A possible idea to help make this transition (which I do support) more gradual:

Instead of an "allow" attribute, introduce a boolean flag attribute.  

#[DynamicProperties(true)]
class Beep {}

The attribute marks whether dynamic properties are enabled or disabled via 
boolean.  If disabled, then they're an error if used.

8.2: Introduce the attribute, with a default of TRUE.  Exactly zero code 
breaks, but people can start adding the attribute now.  That means people who 
want to lock-out dynamic properties can do so starting now, and those cases 
that do need them (or can't easily get away from them) can be flagged far in 
advance.
8.something: Change the default to FALSE.  Using dynamic properties when false 
throws a deprecation, not an error.  People have had some number of years to 
add the attribute either direction if desired.
9.0: Change the deprecation to an error, if the attribute is set false (which 
by now is the default) and dynamic properties are used.
Sometime in the future: Setting the attribute to true triggers a deprecation.
Sometime in the future: Remove dynamic properties entirely, and the attribute 
along with it.  People can use __get/__set if they really need.

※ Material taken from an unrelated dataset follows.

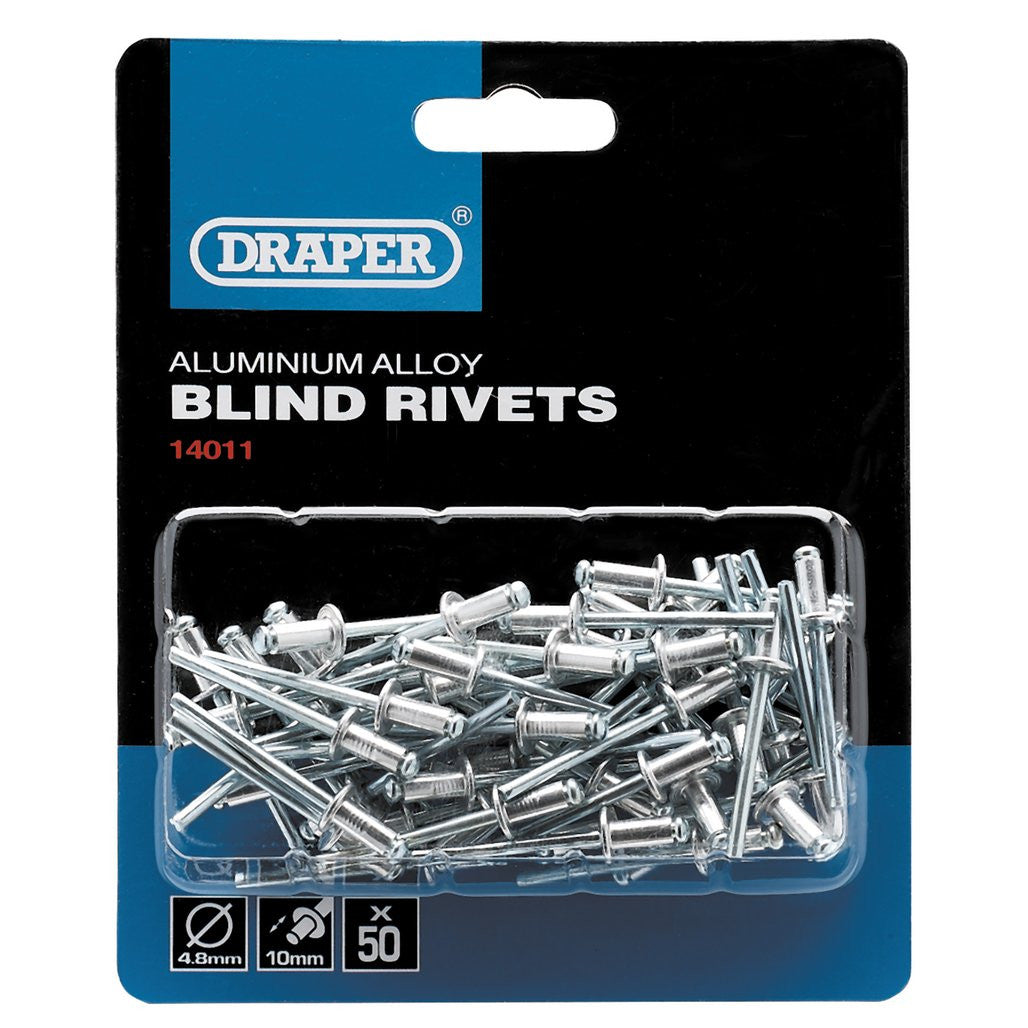 Draper Blind Rivets, 4.8 x 10mm (50 Piece)  14011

This still gets us to the same place in the end, but introduces another stage 
along the way to make the transition more gradual.  We can debate which version 
the default should flip in, I don't much mind.  That could even wait for 9 if 
we want to be really really gradual about it.

Meanwhile, IDEs and code templates can start including the attribute set to 
false by default on any new classes that get written, just like they have done 
for years with strict types.

Nikita, would that be feasible?  Matthew, Derick, would that be satisfactory?